Although Wescott is the second snowboarder in the history of this still young Olympic discipline to clinch a back-to-back title thus joining Switzerland's Philipp Schoch, who accomplished this feat in the parallel giant slaloms in 2002 and 2006, the 33-years-old didn't look that comfortable with the course after an up-and-down time trials and a slow start in the final heat.
Outstanding race to catch-up by Wescott
But after half of the run, when Nate Holland had gone down after duelling for the lead with Mike Robertson, the Kingfield, ME, resident put it all together and proved once again that he is simply Mr. Major Event. First he snatched Tony Ramoin, who finally earned another Bronze medal for France after Paul-Henri Delerue did so in Torino four years ago, then he passed Mike Robertson, who seemed to ride to a safe second ever snowboard Gold for his home country.
"The trials didn't go so well. I knew I would be fighting from the bad gate. I was in fourth. Nate (Holland) went down, I reeled in Tony (Ramoin), drove his inside. Mike (Robertson) braked, and I went in" Westcott said. And just like in 2006, when the 2005 Snowboard Cross World Champion brought home his first Olympic title, he made the move for Gold right in front of the last turn, blasting by Robertson and finally leading towards the last jumps. He simply found the best line in the bottom section of the selective and tricky course, a fact runner-up Robertson confirmed.
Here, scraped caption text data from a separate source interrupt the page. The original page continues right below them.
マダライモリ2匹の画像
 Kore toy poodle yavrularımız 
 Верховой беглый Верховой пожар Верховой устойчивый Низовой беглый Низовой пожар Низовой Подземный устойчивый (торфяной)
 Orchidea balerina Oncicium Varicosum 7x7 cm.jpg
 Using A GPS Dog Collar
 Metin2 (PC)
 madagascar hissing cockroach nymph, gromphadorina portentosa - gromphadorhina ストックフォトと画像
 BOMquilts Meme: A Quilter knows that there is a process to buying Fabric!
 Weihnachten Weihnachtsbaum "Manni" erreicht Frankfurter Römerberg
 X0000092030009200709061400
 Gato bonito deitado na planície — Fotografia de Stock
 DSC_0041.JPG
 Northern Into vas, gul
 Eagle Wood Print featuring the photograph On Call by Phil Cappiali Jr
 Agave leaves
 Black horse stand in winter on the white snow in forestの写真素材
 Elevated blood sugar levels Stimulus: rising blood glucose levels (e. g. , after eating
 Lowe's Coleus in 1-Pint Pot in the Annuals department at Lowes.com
"The start is definitely key and the finish. I had the start, but I didn't have the finish today. I just missed the landing on one of the jumps a little bit and he (Westcott) just nailed everything perfectly" the 24-years-old summarized.
Dramas on the course
Besides all enthralling duels in the race for the medals, some drama took place in the heats before where a lot of Olympic dreams burst like bubbles. Top-qualifier Alex Pullin crashed down in his eighth final while being in a comfortable lead thus missing the first ever Olympic snowboard medal for Australia.
But he wasn't the only one to go down due to unforced errors. Xavier Delerue, one of the top bets for a podium finish missed a gate while leading his heat. His team mate Pierre Vaultier, the dominating man of the World Cup season so far who won four out of five snowboard cross races, was knocked out in his quarter final due to a crash of Canada's Drew Neilson which forced him to hit the brakes.
And also Mario Fuchs threw away the chance for a medal in the semi finals when he oversaw a bump, catched the wrong edge and drifted away.
Snowboard cross - once again an Olympic must-have-seen
But besides those crashes and personal dramas, the first snowboard competition of the 2010 Vancouver Winter Games was perfect advertising for the sport.
Close head-to-head duels including several tight photo finishes, a lot of passing along the course with a lot of comebacks from last position to the lead, incredible riding skills and venturesome athletes who enjoyed the ride of their life's in front of an amazing crowd underlined that snowboarding can be once again the star on the snow - just like in Torino in 2006 and that snowboarding is quite rightly part of the Olympic family.